Non è stato tutto rosa e fiori: la mancanza di multiplayer ha dimezzato le possibilità di vendita del titolo, e i tempi di sviluppo (e quindi i costi) sono stati molto più elevati del previsto per via della poco saggia scelta di fare uscire il gioco tramite Steam Early Access. Apriamo una parentesi: perché Early Access è così rischioso, e perché moltissimi lo usano lo stesso?
Early Access è uno specchietto per le allodole che ha già mietuto innumerevoli vittime. Per un developer, l’idea di poter mettere in vendita un prodotto incompleto è molto allettante: si possono raccogliere fondi per proseguire lo sviluppo e raccogliere molti feedback direttamente dai consumatori finali, che idealmente aiuteranno il titolo a raggiungere uno stadio perfetto al momento del lancio e diffonderanno a macchia d’olio la sua diffusione. La realtà, purtroppo, è molto diversa: nel momento in cui un prodotto è in vendita pubblica la maggior parte dei consumatori non comprende davvero la differenza tra un titolo completo e uno ancora in produzione, generando feedback spesso inutili e addirittura pubblicità negativa, condizionando gli sviluppatori a portare il gioco verso direzioni completamente diverse dal progetto iniziale e ampliamenti superflui che allungano inverosimilmente i tempi di lavorazione, rischiando di uscire dal budget. Non solo: il basso prezzo di un Early Access mina le vendite del prodotto quando coloro che aspettavano la versione completa si trovano davanti un gioco con uno sviluppo travagliato a un prezzo fissato al doppio di quanto lo ricordassero.

Il secondo case study riguarda Meridian: New World, uno strategico in tempo reale che ha avuto un discreto successo di vendite iniziali ma che è stato pesantemente svalutato da critica e utenti.
Analogamente a Enforcer, le community di Steam, indieDB e Reddit hanno svolto un ruolo fondamentale per diffondere interesse nel gioco, con la differenza che non è uscito in Early Access. Purtroppo Meridian si è rivelato un gioco poco più che mediocre, stantio sia nelle meccaniche che nell’aspetto, nonché breve e privo di multiplayer – elemento fondamentale per un gioco del genere.

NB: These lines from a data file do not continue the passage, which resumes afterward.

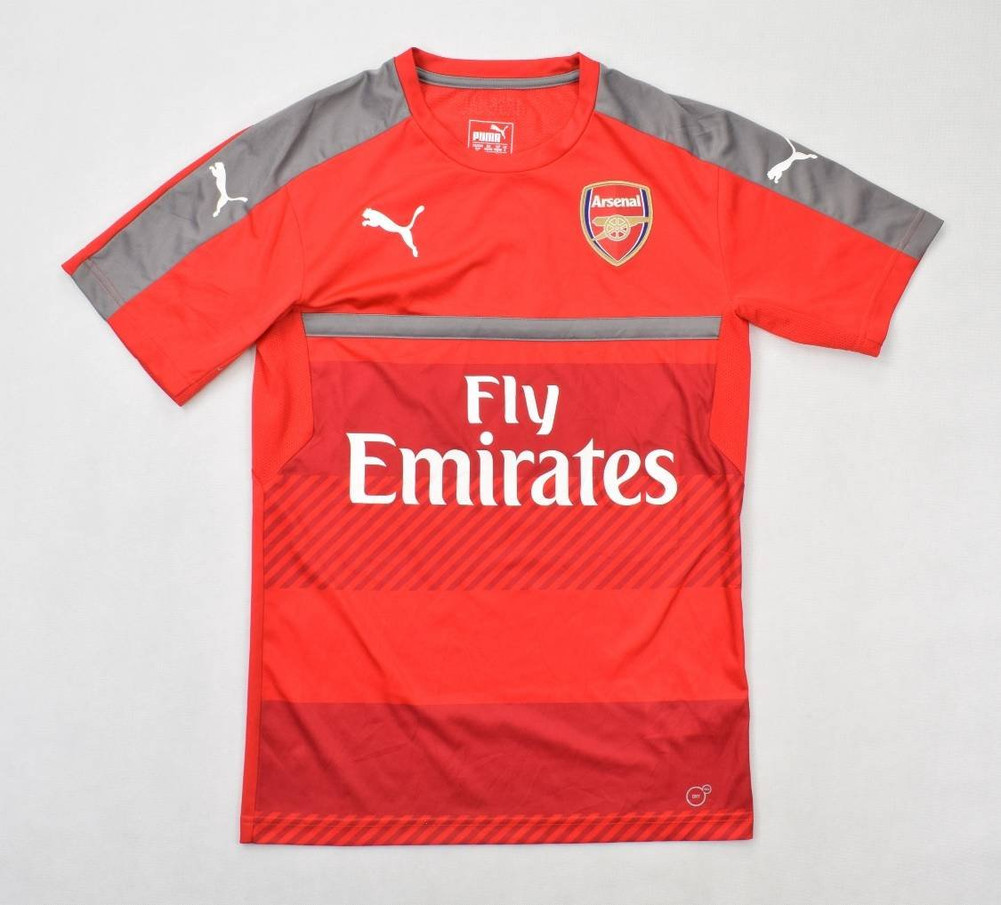 2016-17 ARSENAL LONDON SHIRT S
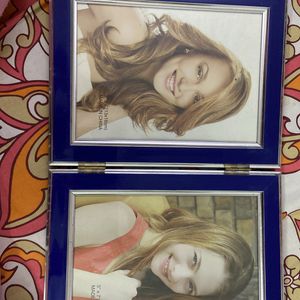 Dual Photo Frame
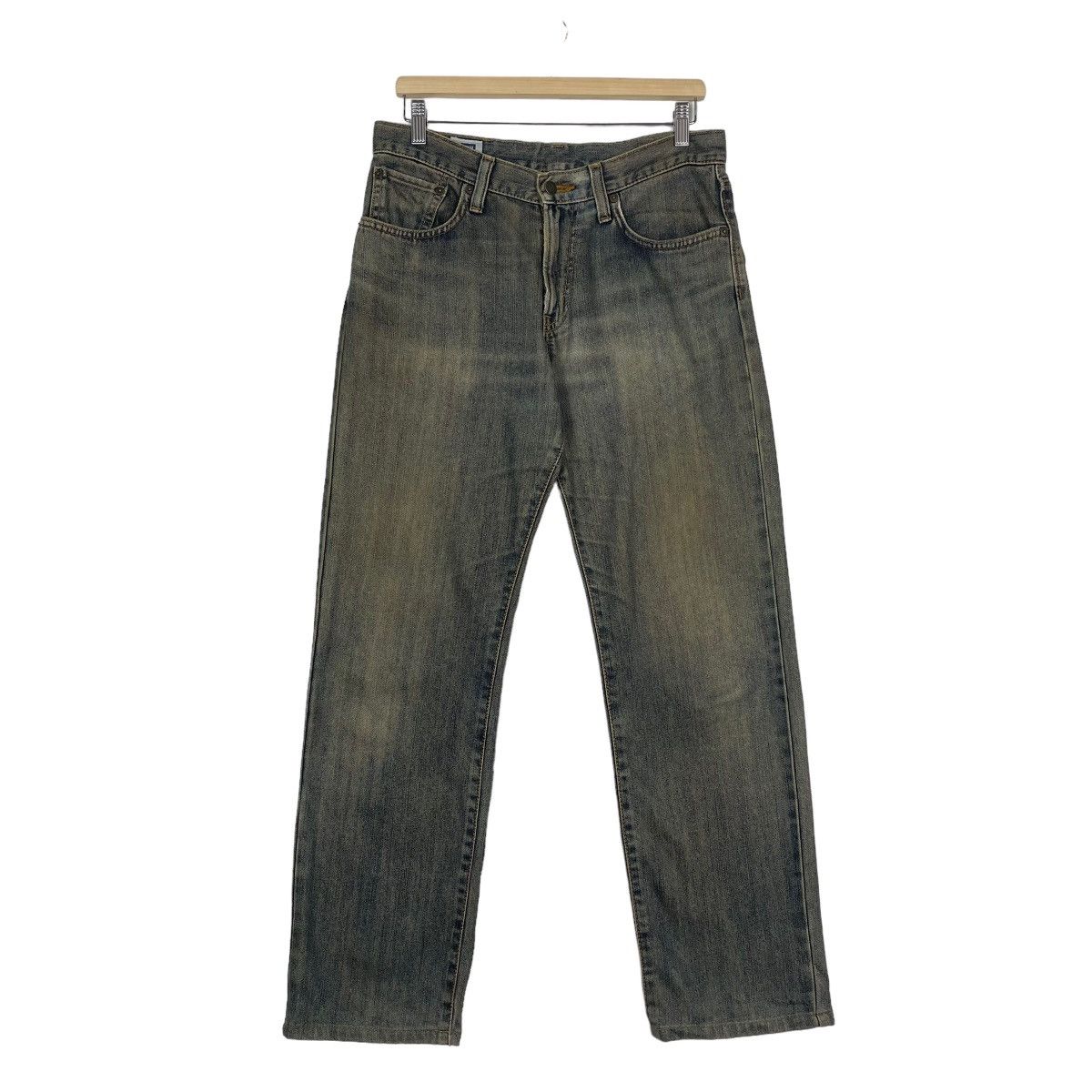 Edwin EDWIN RUSTY DENIM JEANS Size US 33 - 2 Thumbnail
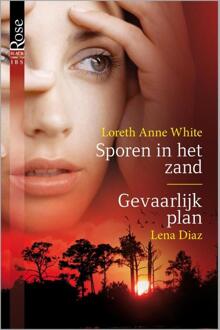 Sporen in het zand ; Gevaarlijk plan - eBook Loreth Ann White (9402510656)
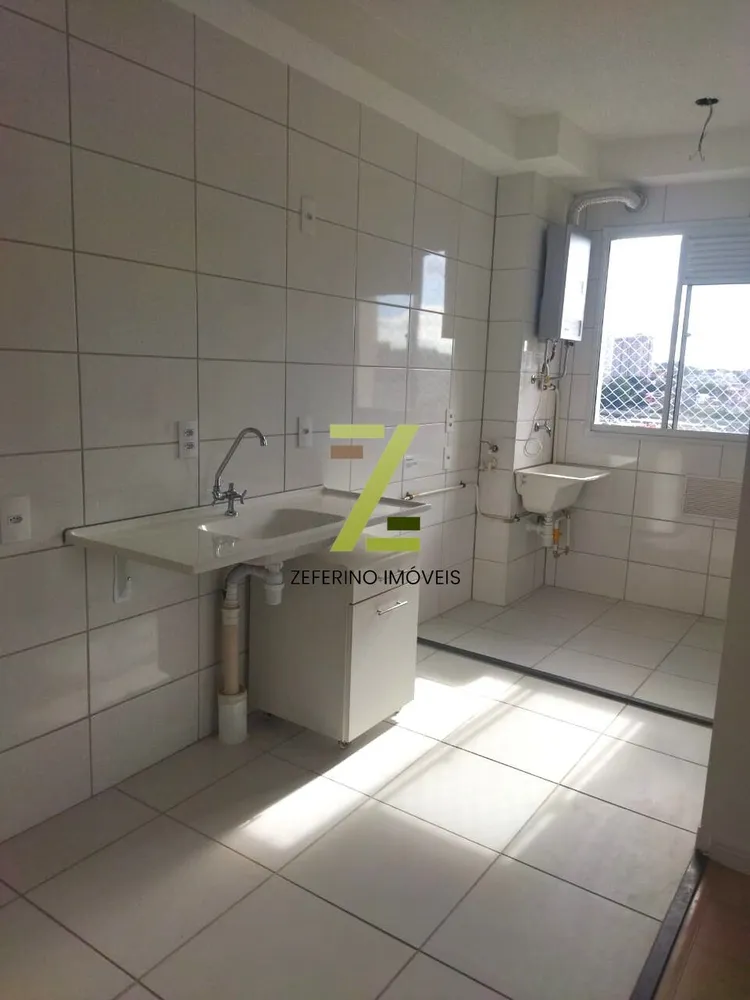 Apartamento, 2 quartos, 41 m² - Foto 8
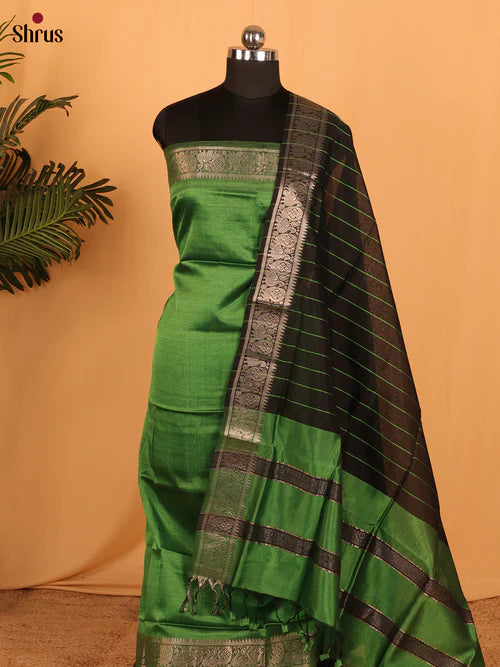 mangalagirisico top & dupatta combo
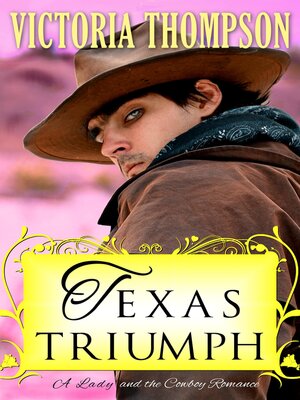 Texas Triumph - ebook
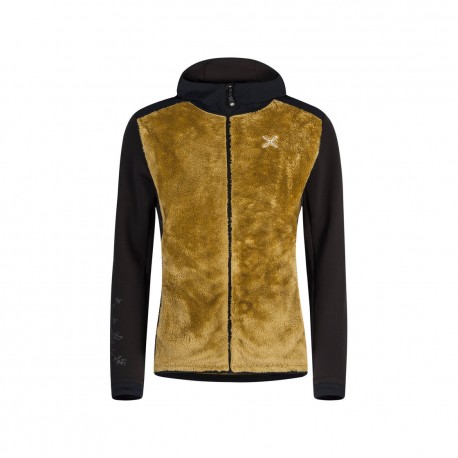Montura POLAR STRETCH HOODY JACKET W. GOLD MANCA IMG DEL COL.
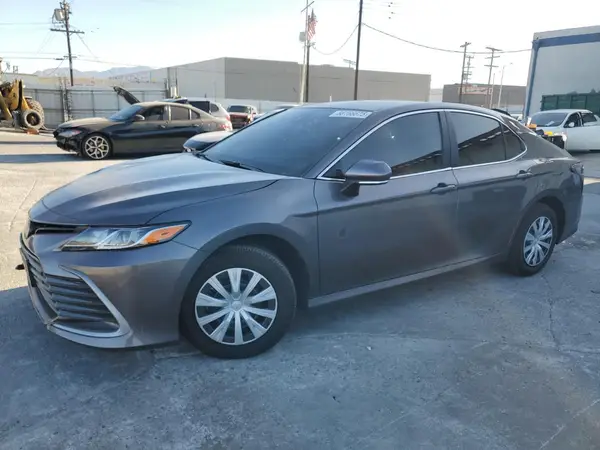 4T1C31AK3RU626136 2024 TOYOTA CAMRY - Image 1
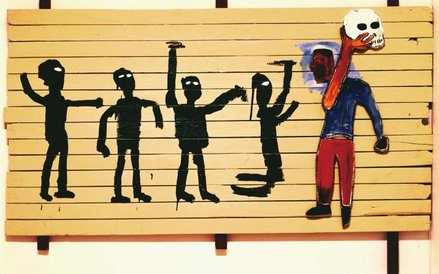 „Procesja”, 1986 r.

Il rovescio della medaglia questa volta sono state le aspettative eccessivamente alte: scegliendo di non uscire in Early Access si è mantenuto un alto tasso di interesse in tutti coloro che seguivano il progetto, cosa che si è tradotta in ottime vendite all’uscita, ma una volta saltate a galla le falle del gioco è stata la stessa community che l’aveva supportato ad abbandonarlo e parlarne male.

Questi due case study hanno messo in evidenza vari fattori: Steam è un mercato estremamente saturo (si parla di decine di nuovi titoli pubblicati ogni mese), in continuo e pesante mutamento (basti pensare a Greenlight ed Early Access) e dove i giochi che non appartengono ai generi di punta del momento finiscono spesso nell’oblio. Merge risottolinea il suo ruolo di publisher in questa situazione: occorre investire tempo, soldi ed energia nel dare visibilità ai giochi venduti, in particolare coinvolgendo le community, gli YouTuber, presenziando a fiere ed eventi a stampo indie.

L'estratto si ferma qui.